» **Available data**
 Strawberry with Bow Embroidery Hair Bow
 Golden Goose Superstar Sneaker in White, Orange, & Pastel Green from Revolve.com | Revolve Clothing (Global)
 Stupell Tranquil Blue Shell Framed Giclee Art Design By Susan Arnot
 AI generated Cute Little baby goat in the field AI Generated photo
...
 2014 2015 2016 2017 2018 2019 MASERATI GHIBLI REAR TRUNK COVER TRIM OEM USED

» **What the exercise asks**
Which lines run from the one holding "Golden Goose Superstar" through the one holding "AI generated Cute" in the records above? Repeat them exactly, both included, and nothing more.

» **Written answer**
 Golden Goose Superstar Sneaker in White, Orange, & Pastel Green from Revolve.com | Revolve Clothing (Global)
 Stupell Tranquil Blue Shell Framed Giclee Art Design By Susan Arnot
 AI generated Cute Little baby goat in the field AI Generated photo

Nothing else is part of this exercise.